L'Oréal Paris did a tent at Yonge-Dundas last year, and we're doing exactly the same thing this year. Our brand strategy is to really align ourselves with fashion and to show the expertise of our beauty experts. Our vision with that tent was to take everything we do with Fashion Week and with Project Runway Canada and bring that backstage feel to the street. Last year we conducted 6,500 makeovers [over three days]; the success was so great that we decided to do it again.
How do you measure the success of an activation like that?
Obviously, when we work with our partners at Luminato they provide us with various data based on traffic, so that's how you see the number of potential contacts you had. Definitely we know how many makeovers we did, and we estimated roughly how many people were in the tent by taking photos. That gives you an idea of men versus women, different age groups, and different nationalities. We also give away a mini brochure, which is a beauty prescription. For each person who gets a makeover, we fill out that prescription with the products we used. Attached to that brochure is a coupon that gives the consumer a $5 rebate if they buy two products or more. Then we can calculate the redemption rate and the sales so we have an indication there on what our return on investment is as well.
What impact have events like Luminato had on brand recognition and sales?
There are a few drugstores that I won't name, very close to [the tent], and we realized that they had significantly higher traffic during the days we were there last year. So we're definitely developing that even more by having advisers at the stores this year. The team is briefed to send people to those stores so they can meet consumers and help them shop for the product.

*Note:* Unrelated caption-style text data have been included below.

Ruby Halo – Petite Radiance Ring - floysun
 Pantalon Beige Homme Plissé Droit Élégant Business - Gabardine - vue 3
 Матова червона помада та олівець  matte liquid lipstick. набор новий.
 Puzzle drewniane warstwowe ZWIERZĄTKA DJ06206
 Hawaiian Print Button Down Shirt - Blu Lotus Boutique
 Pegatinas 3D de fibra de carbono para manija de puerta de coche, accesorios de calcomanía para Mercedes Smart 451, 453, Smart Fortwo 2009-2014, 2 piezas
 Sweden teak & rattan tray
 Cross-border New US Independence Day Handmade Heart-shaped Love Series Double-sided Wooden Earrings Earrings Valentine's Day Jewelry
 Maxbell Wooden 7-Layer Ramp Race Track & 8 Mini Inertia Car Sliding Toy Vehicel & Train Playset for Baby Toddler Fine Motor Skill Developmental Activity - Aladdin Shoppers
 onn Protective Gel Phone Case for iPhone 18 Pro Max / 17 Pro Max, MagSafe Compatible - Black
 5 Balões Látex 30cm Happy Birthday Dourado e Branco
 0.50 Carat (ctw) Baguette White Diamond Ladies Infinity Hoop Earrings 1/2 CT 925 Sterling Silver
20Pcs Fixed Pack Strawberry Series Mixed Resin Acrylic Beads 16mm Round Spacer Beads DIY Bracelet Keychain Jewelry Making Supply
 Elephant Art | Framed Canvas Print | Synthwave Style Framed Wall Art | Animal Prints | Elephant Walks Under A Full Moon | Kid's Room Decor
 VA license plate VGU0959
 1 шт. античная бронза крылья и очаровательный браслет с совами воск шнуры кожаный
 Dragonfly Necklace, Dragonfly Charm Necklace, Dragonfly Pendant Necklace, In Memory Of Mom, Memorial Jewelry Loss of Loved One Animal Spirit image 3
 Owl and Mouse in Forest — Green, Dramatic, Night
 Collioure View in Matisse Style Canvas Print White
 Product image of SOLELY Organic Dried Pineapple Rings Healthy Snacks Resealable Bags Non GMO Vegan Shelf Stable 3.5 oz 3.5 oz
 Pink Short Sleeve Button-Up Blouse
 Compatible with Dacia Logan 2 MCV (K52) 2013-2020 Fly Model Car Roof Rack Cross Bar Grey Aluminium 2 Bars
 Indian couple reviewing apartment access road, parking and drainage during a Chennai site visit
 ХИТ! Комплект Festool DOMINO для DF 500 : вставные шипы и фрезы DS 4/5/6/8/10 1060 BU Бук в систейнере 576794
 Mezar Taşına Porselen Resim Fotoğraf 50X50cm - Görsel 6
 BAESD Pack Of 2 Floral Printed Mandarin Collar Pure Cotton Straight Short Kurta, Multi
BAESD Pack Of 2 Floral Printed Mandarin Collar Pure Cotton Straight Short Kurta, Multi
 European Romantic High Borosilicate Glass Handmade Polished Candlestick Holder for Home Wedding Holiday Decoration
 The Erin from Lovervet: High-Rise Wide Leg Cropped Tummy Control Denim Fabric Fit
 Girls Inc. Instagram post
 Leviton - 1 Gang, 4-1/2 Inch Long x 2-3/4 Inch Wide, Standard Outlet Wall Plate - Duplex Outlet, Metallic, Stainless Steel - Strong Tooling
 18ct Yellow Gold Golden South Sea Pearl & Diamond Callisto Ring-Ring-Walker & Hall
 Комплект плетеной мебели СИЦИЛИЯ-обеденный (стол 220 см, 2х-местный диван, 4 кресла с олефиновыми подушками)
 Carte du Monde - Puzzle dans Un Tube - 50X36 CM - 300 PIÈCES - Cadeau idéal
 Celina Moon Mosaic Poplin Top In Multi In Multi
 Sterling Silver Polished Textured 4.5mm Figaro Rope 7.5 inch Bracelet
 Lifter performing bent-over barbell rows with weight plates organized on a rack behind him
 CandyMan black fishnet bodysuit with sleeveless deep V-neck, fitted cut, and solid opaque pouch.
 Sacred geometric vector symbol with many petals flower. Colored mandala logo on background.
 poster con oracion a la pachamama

We're also working with the stores and letting them know what we're doing so they can send their clients to our tent to get makeovers.
Is L'Oréal Paris doing anything different with the activation this year?
We noticed last year that while the girls are waiting an hour in line to get their makeup done, their poor husbands or boyfriends are standing there. So this summer we're going to distribute Men Expert samples, which is skincare. We're going to have people talking to the men and explaining what Men Expert is about.
Can you talk a bit about the role that experiential marketing plays in your overall marketing strategy?
I think today in the competitive world that we live in you have to be innovative and creative. Today consumers are so informed and they have so many ways to get information that you have no choice but to listen to them and to really try to reach them in the ways that they want to be reached.
How does your involvement with LG Fashion Week factor into that strategy?
When I started [with L'Oréal Paris] five years ago, Fashion Week was a much smaller event. We brought it to a bigger level and we're now doing a lot more initiatives towards the consumers to leverage that sponsorship—whether it's retail partnerships, whether its online programs. You start integrating all of it. It led us to become a sponsor of Project Runway Canada—Fashion Week was the base platform. And because Fashion Week is a trade event, you have to take [your message] to your consumer. So we took that expertise that we have at Fashion Week and we showcased it on television to our consumers so they could see the expertise in action.
LG took L’Oréal's spot as title sponsor of Fashion Week last year. How did that impact L'Oréal's involvement?
We're now presenting sponsors. They came on board at the moment when we were re-evaluating our sponsorship. That's a reality that you go through with partnerships. Our goal is to get closer to our consumers. We thought by being the presenting sponsor we could still do that and still play a significant role. Nothing has changed much except for the name. We still had a big lounge, were still backstage, we still had strong visibility, and still conducted a very big PR campaign.